Monday, December 16, 2013

Review on Jellicoe Road (my last read in 2013)

Jellicoe RoadJellicoe Road by Melina Marchetta


My rating: 5 of 5 stars


As usual with Marchetta’s books, her first few chapters are always confusing.
After The Piper’s Son, I’ve thrown myself into Jellicoe with all my heart and soul. I didn’t read the synopsis, so imagine the double headache when I was bombardized with jumping scenes and dozens of strange names. You have people’s names, Boarding houses’ names, and places. The only name I’ve recognized is Sydney.

I’m kind of glad that Marchetta’s writing isn’t brutally choppy here. The sentence flows into one another, enough to make me feel like I’m dancing between them. But of course she had to chop something. This time it was the emotion. Did she write with an axe?

She chopped scenes mercilessly while I was still salivating (or crying or gasping) all over them. The good thing is you don’t feel too overwhelmed with drama, but I found myself screaming for more. More words. More kissing, more territory wars, more tongue-lashing … more closure. Especially in scenes that involved Jude and Taylor and Griggs. I have broken fingernails to prove how much I craved for more in those scenes.



Because being a part of him isn’t just anything. It’s kind of everything.

“It’s actually because my heart belongs to someone else.”

“You were wrong yesterday in the car, you know, “I tell him. “About how every time Hannah looks at you she’s wishing you were someone else. I think that every time she looks at you she’s scared you won’t come back, like the others.”

He takes her hand and draws her to his side. They don’t say anything as the walk with me, but I’ve been here before, so I know that words aren’t needed. I remember love.

“You can forgive all of them but you can’t forgive you and Jude for living.”

“I’d forgive myself.

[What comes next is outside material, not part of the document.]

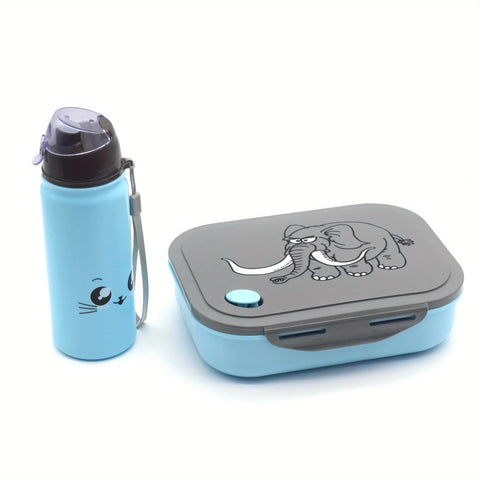 Cartoon Elephant Pattern Kids Lunch Box With Water Bottle Sets Food Grade PP Bento Box Safe Portable Lunch Box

To be with Jonah, I’d do anything.”

“I’ll probably mention that I’m in love with you.”

I go up to Hannah and Jude’s room and tell them that she’s dead, and I climb between them and I am raw inside.

“I was there to throw myself in front of it.”

“Just breathe, Just breathe, come on, Taylor, just breathe…just breathe.”





Taylor is the perfect example of a strong heroine. Raffy and Jessa add the kickass feel into it. I love Santangelo from the first moment his name was mentioned. That little shit.
And I adore Ben, his violin, and his funny-sometimes-wounded personality. Because of how I feel toward Ben, I could never forgive Griggs for breaking Ben’s fingers.
Seriously, Jonah, if you’re so desperate in getting Taylor’s attention, why don’t you break your own fingers?

Though I couldn’t love Jonah fully, I ended up having a tiny weenie insignificant crush on him. He does clean up nicely after that.
Okay. Maybe a bit more than tiny weenie.

Jonah felt like a secondary character to me and that’s okay I think. With so many main characters in one book, I understand that Marchetta needed to focus on the original five and Taylor. In my opnion, this is the story of Taylor, Hannah, Jude and Webb. The rest are the pretty, colorful icing on the cupcake.

I have successfully turned this book from all-about-Taylor to all-about-Jude. I’m hopeless that way. Gimme a suffering hero and I’m doomed.


St. Jude was the patron saint of the impossible – lost and desperate causes. I think he hit the jackpot in that department when he met the Markhams and Schroeders.




Jude is my hero. He’s St. Jude, the hero of all heroes. I will arm-wrestle anyone who says otherwise. I couldn’t stop thinking about him, even as I write this review. I wonder how he looks like. Probably like Chris Evans? Imagine him in uniform. Is he Jude enough? Is he broken and suffering enough? Damn. I have no fingernails left to bite.

I can’t help but picturing Hannah as the more mature Georgie (TPS). Whenever Hannah’s name came up in the book, I almost always skimmed the pages looking for words like Hannah, Jude, love, and happy in one sentence. I was disappointed most of the time. I know everyone will argue that it’s implied somewhere there, between the lines. I don’t care. I need to read the words, in one perfect sentence, with my own eyes. In print. Not implied.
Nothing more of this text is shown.